Jakarta, 14 Desember 2016. Sejumlah organisasi Masyarakat Sipil dari Negara anggota RCEP menghadiri acara The Stakeholder Meeting With RCEP Trade Negotiation Committee pada 7 Desember 2016. Acara ini berlangsung ditengah-tengah berjalannya perundingan RCEP yang tengah berlangsung sejak tanggal 6-10 Desember 2016, di ICE, BSD, Tangerang,
Dalam pertemuan tersebut, masyarakat sipil berharap catatan kritis terhadap RCEP dampak kepentingan rakyat akibat perjanjian RCEP menjadi pertimbangan bagi para negosiator, mengingat klausul perjanjian dari teks RCEP yang bocor, memiliki kemiripan dengan teks TPP (Trans Pasific Partnership).
Dr. Partcia Renald from Australian Fair Trade and Investment Network say “the RCEP must not to repeat the mistake of the failed TPP. We don’t want stronger medicine monopolies which would delay cheaper medicine from becoming available. We dont want benefit investor to have the right to sue government over our democratic law”
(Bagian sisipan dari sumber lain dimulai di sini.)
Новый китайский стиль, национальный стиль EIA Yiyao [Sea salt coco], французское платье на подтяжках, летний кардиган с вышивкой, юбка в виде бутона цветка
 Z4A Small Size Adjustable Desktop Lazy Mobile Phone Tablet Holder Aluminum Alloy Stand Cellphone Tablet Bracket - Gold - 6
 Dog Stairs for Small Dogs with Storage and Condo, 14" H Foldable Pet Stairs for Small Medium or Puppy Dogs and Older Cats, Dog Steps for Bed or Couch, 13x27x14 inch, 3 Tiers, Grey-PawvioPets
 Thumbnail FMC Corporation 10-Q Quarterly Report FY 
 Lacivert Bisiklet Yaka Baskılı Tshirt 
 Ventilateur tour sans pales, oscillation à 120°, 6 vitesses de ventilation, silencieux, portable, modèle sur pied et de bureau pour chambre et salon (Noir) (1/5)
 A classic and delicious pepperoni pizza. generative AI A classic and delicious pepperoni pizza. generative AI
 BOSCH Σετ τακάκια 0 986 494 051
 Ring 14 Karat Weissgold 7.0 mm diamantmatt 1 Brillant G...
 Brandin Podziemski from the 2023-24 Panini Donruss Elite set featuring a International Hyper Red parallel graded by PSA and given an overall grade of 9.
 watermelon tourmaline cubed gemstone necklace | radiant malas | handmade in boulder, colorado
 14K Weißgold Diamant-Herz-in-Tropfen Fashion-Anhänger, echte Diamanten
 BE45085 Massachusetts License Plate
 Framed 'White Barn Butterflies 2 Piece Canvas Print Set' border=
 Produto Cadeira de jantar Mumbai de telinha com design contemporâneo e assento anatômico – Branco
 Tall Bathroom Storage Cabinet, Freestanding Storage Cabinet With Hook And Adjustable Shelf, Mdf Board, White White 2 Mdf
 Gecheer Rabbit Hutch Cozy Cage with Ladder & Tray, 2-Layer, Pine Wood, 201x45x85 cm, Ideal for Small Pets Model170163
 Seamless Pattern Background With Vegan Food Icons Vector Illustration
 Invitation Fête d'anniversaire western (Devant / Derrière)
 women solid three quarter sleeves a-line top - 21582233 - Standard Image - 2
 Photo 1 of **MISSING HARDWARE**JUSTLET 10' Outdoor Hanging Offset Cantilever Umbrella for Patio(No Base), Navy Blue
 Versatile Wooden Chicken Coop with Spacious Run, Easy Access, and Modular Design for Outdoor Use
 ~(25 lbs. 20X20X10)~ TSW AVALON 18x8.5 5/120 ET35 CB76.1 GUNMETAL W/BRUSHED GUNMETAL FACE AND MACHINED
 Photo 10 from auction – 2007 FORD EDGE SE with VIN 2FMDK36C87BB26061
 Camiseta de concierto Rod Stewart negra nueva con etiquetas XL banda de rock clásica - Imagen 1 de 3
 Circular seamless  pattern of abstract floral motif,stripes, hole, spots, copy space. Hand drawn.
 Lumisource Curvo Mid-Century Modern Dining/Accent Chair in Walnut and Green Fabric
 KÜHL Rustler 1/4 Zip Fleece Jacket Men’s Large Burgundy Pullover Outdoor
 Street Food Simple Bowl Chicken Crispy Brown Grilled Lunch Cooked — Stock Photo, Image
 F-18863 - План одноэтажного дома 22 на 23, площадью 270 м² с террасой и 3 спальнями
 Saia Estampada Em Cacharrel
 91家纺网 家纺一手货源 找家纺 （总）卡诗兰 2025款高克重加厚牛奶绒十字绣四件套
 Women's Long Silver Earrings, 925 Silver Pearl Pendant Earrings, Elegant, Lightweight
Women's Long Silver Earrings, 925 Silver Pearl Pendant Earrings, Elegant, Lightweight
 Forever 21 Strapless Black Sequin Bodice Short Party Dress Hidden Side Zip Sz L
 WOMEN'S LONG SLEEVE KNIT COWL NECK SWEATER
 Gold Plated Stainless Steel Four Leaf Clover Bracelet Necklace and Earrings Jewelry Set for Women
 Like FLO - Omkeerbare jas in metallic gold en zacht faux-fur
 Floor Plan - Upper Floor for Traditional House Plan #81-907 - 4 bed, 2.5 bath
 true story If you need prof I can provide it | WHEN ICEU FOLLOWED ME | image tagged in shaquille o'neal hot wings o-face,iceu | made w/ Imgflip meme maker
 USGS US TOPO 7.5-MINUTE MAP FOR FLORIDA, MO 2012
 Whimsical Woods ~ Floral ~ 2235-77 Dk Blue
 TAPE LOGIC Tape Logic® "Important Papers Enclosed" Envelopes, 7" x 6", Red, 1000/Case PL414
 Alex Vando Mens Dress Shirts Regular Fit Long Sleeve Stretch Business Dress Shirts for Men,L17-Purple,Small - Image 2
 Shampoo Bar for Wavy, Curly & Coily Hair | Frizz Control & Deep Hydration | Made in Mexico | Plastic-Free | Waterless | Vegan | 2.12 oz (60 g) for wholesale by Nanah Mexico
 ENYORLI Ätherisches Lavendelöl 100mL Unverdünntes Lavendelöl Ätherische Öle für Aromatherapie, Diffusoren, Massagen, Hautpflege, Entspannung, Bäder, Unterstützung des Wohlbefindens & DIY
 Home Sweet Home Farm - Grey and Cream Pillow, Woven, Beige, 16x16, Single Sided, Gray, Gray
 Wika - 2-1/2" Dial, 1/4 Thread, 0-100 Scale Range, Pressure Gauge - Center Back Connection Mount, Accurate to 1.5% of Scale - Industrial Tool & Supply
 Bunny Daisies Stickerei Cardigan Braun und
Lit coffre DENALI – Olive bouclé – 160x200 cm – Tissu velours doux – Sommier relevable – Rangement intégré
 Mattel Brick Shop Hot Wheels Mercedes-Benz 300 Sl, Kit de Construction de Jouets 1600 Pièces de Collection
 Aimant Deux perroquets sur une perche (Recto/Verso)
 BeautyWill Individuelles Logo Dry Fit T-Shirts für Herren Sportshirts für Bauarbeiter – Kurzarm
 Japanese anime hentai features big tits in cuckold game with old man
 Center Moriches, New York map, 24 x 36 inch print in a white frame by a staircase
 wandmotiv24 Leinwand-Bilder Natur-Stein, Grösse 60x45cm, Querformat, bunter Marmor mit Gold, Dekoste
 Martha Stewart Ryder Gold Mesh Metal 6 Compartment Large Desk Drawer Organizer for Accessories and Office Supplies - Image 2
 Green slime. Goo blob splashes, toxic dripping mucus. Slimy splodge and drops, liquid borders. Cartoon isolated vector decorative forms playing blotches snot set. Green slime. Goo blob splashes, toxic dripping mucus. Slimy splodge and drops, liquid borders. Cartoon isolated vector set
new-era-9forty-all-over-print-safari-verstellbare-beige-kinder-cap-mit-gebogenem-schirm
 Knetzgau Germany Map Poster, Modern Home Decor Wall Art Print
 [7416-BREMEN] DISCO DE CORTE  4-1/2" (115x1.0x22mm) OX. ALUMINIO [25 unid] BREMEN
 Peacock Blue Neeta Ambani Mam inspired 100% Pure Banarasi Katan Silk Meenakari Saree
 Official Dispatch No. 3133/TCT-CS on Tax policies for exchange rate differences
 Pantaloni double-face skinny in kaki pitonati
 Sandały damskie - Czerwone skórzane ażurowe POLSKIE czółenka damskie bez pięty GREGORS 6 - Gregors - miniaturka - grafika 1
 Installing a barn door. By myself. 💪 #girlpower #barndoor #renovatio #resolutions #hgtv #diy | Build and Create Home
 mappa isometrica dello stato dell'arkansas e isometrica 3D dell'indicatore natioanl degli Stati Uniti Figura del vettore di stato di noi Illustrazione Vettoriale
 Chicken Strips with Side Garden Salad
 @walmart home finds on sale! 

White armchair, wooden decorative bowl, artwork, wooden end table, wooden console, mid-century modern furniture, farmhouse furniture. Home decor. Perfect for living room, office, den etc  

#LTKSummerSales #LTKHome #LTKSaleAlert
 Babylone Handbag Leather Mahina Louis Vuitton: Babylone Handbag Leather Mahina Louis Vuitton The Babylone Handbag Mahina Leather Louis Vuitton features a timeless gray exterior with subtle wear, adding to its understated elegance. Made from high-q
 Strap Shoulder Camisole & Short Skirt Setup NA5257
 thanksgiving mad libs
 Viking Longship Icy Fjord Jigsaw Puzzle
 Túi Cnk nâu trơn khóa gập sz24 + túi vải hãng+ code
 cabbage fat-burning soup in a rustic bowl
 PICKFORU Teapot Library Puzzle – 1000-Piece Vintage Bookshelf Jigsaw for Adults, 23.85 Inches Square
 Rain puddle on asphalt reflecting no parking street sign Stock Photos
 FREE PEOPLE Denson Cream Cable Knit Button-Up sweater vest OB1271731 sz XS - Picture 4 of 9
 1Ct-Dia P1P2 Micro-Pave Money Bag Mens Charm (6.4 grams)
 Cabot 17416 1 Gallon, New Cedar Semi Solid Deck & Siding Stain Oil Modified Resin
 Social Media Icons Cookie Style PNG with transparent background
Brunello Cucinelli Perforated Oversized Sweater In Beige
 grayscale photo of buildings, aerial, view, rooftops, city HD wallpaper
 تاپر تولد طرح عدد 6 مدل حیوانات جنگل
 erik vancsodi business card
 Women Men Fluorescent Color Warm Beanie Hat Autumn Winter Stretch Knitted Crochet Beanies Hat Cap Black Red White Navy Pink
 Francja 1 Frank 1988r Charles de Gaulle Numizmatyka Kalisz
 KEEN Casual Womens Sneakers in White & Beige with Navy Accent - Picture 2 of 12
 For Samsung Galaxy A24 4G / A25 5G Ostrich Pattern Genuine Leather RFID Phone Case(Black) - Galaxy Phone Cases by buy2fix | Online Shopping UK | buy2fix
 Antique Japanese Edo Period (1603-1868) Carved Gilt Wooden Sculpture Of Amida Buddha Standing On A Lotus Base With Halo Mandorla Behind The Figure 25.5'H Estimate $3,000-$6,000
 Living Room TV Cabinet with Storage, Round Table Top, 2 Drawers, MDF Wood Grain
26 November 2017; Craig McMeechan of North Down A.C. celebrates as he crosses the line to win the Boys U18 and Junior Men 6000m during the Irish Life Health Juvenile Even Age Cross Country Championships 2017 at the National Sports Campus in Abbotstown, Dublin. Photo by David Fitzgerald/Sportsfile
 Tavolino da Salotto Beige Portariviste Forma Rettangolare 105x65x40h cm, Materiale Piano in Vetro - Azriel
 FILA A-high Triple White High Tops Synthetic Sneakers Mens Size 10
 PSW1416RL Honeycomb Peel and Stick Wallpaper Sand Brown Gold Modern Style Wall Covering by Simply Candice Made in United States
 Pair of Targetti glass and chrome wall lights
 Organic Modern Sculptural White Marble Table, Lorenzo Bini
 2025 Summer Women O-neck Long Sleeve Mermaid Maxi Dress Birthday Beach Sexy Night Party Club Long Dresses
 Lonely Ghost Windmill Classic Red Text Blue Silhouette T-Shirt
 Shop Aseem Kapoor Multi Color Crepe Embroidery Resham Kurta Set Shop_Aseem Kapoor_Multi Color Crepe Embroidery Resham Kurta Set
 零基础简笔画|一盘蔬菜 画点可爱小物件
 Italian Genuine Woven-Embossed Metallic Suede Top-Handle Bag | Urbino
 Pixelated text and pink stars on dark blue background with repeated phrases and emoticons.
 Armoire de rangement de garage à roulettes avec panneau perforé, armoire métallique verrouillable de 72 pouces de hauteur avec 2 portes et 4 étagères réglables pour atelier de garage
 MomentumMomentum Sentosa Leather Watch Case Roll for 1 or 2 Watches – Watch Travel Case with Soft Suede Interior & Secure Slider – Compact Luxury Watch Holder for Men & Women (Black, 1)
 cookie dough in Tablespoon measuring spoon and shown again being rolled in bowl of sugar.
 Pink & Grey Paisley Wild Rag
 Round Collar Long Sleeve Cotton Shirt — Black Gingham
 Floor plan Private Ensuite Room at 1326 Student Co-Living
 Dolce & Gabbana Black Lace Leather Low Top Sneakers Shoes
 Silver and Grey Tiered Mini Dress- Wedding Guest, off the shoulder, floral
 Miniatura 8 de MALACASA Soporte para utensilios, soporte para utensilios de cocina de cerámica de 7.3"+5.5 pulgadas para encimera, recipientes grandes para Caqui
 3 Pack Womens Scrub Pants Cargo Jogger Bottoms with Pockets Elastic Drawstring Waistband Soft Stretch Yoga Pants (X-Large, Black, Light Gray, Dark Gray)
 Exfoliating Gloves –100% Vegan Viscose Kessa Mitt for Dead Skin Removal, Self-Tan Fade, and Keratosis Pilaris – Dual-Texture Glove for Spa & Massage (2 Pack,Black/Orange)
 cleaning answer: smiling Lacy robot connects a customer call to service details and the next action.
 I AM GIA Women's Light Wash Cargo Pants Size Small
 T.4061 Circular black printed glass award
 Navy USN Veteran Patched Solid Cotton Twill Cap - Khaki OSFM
Terkait dengan isu investasi, Rachmi Hertanti dari Indonesia for Global Justice menyampaikan bahwa RCEP tidak perlu memasukan ketentuan Investor-State Dispute Settlement (ISDS). “Indonesia sebenarnya sudah punya modal bagus, dimana dalam model perjanjian investasi model baru milik Indonesia hendak meminimalisir resiko gugatan ISDS. Ini perlu didukung”, jelas Rachmi.
Profesor Jean Kelsey dari Auckland University in New Zealand mengatakan “It is misleading to call RCEP a “trade” agreement. It is really a set of rules designed to benefit corporation and put hadcuffs on the goverment’s liability to promote social and development goals. These aggrements are being repeated and over the world. RCEP must be rejected to and own goverments must develop alternative that meet the needs of the peoples no corporation”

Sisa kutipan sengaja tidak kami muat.